_EXERCISE REQUIREMENTS_.
The records that follow are to be repeated exactly, without any pictures.
::::::::
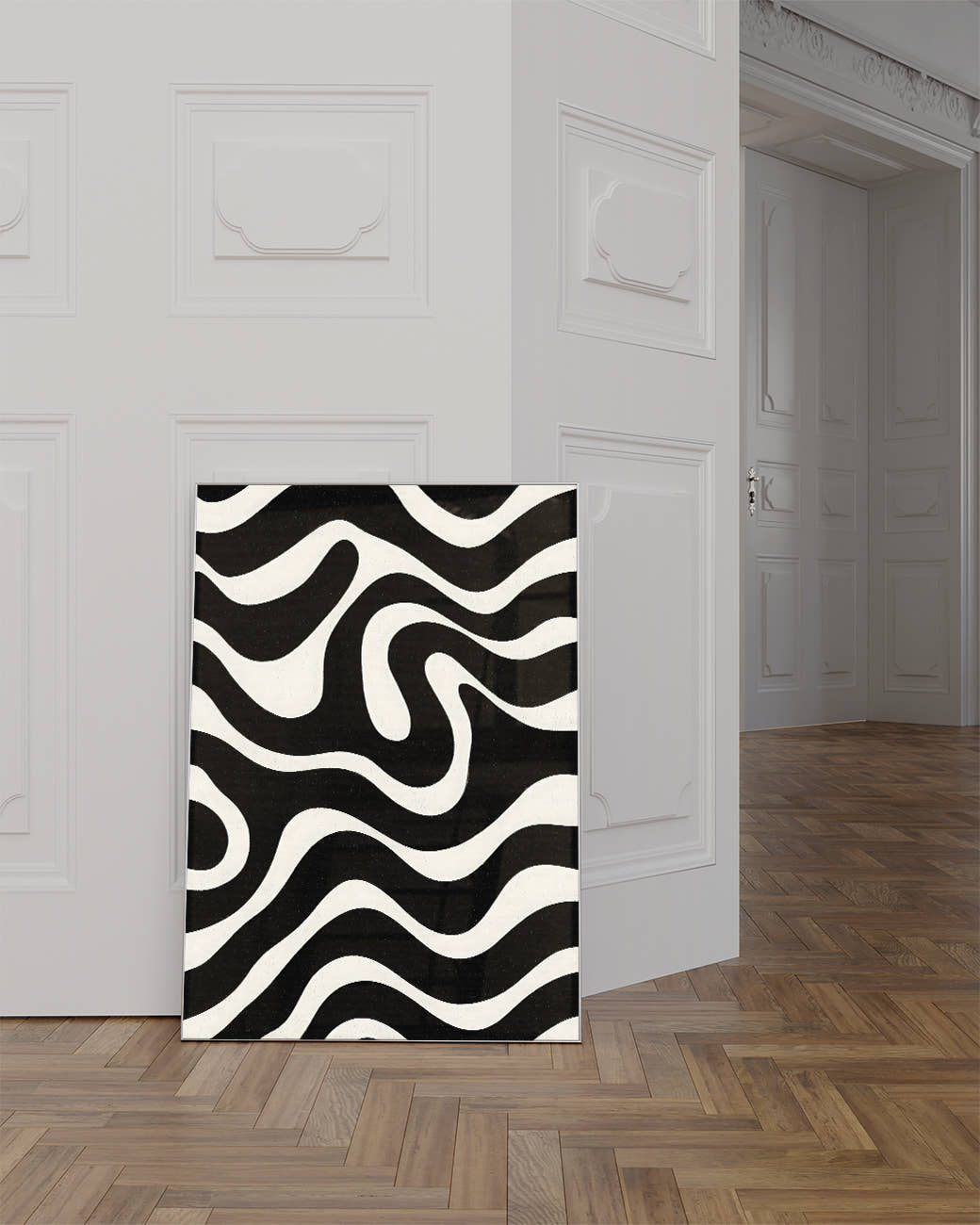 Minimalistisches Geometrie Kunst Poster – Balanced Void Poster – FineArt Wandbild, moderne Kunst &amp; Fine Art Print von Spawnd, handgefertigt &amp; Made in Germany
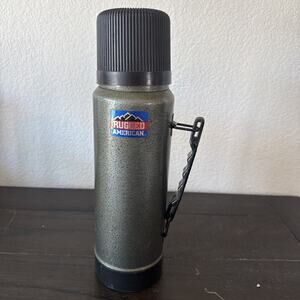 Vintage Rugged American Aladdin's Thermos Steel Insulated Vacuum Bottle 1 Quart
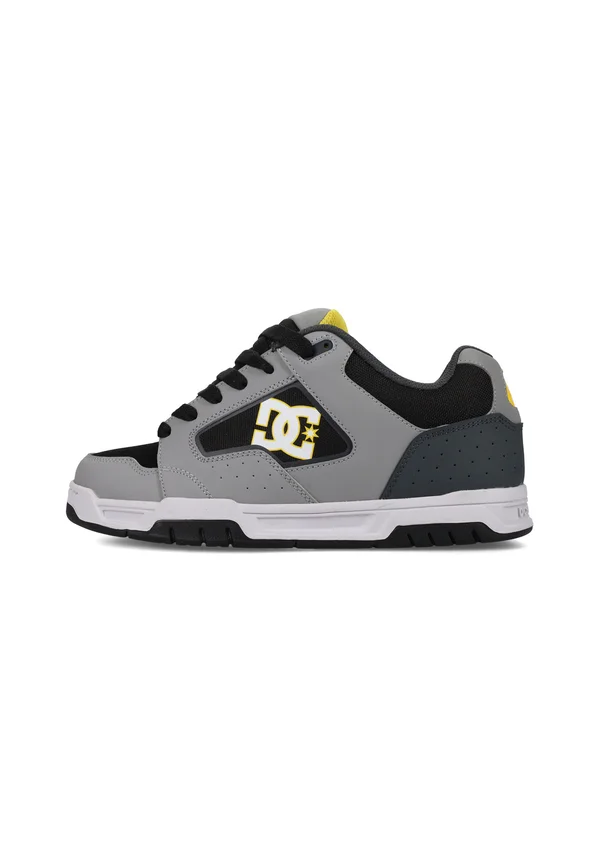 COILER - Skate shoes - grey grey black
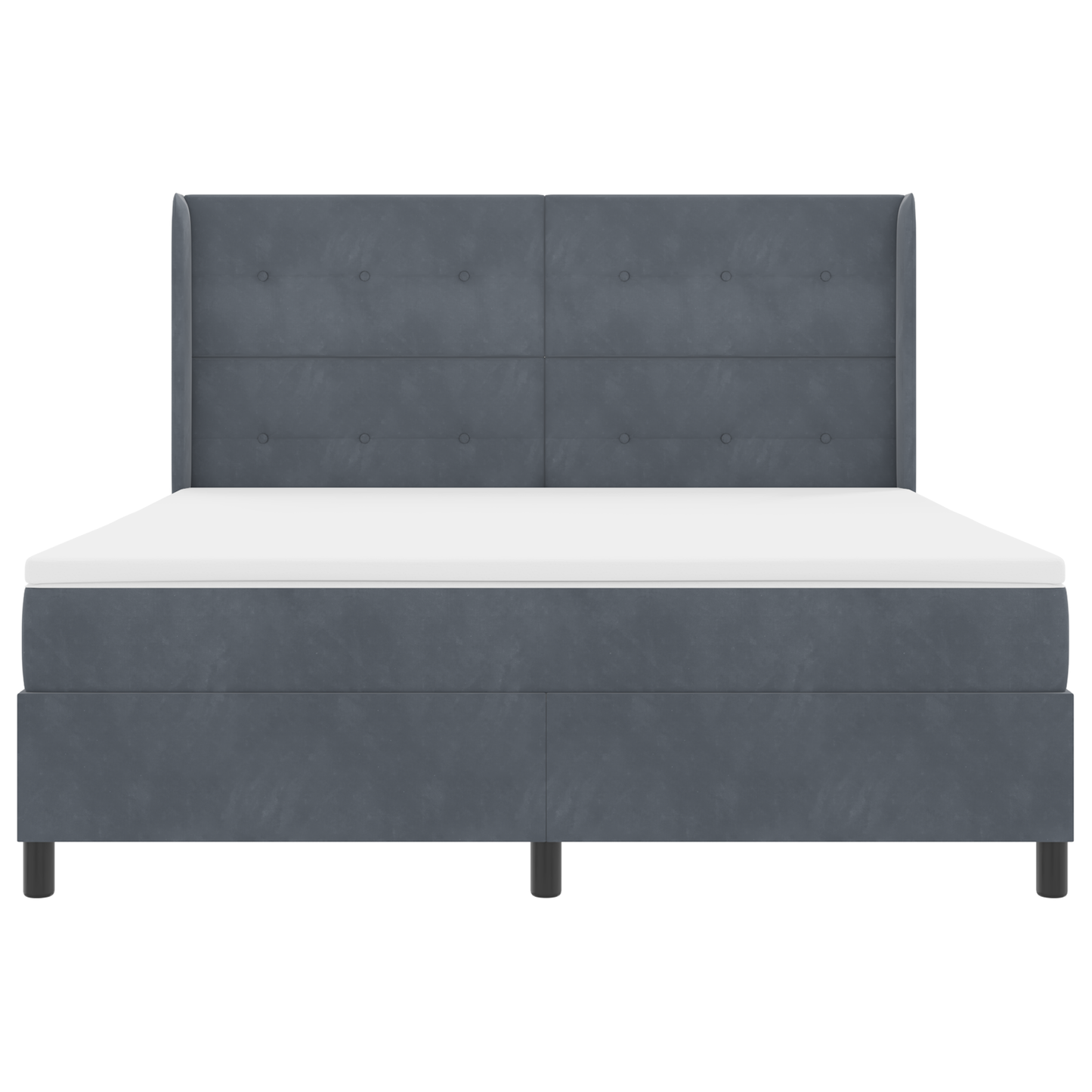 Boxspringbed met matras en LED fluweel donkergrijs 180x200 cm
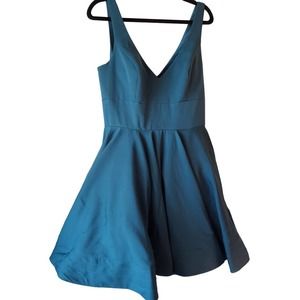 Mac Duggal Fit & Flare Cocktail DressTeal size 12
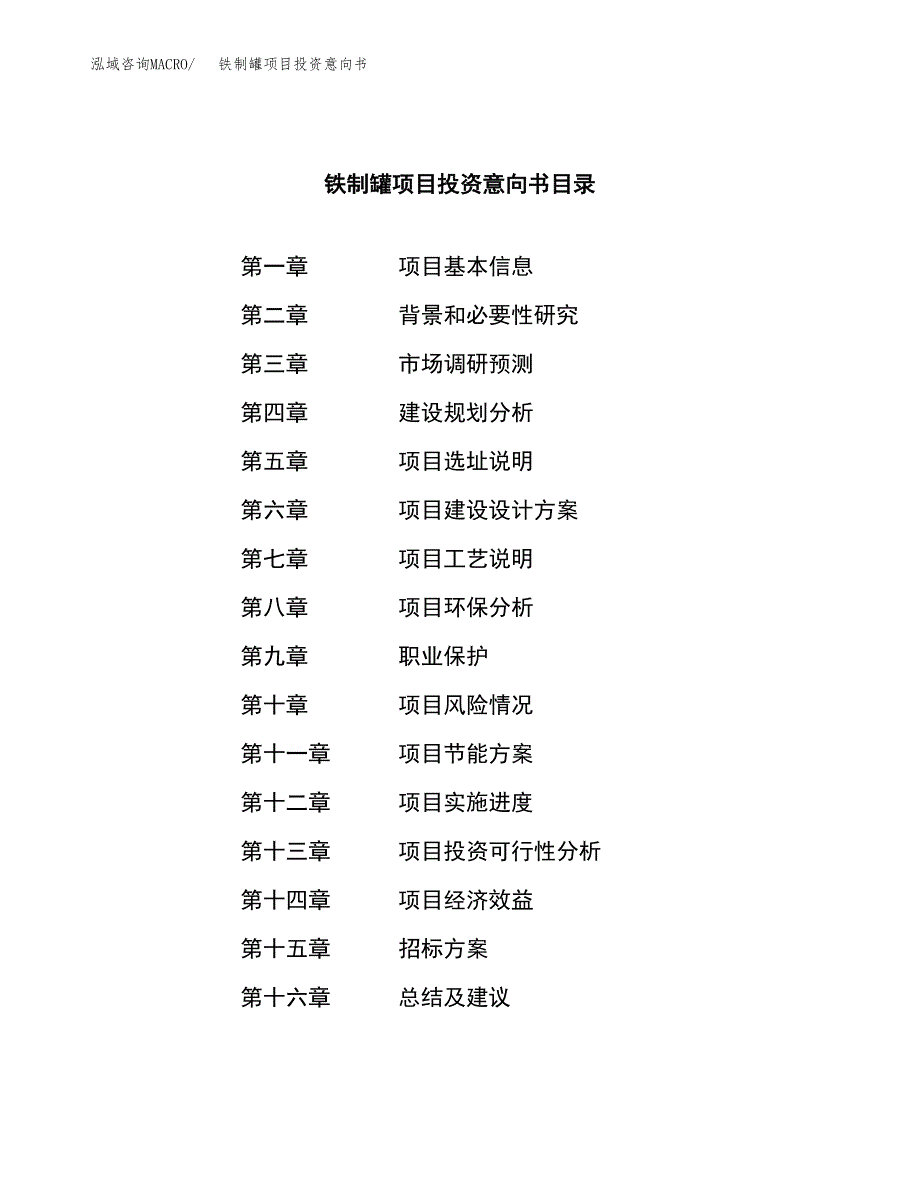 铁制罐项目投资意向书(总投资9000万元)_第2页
::::::::
_REPLY TO THE EXERCISE_.
 Minimalistisches Geometrie Kunst Poster – Balanced Void Poster – FineArt Wandbild, moderne Kunst &amp; Fine Art Print von Spawnd, handgefertigt &amp; Made in Germany
 Vintage Rugged American Aladdin's Thermos Steel Insulated Vacuum Bottle 1 Quart
 COILER - Skate shoes - grey grey black
 Boxspringbed met matras en LED fluweel donkergrijs 180x200 cm
 Mac Duggal Fit & Flare Cocktail DressTeal size 12
 铁制罐项目投资意向书(总投资9000万元)_第2页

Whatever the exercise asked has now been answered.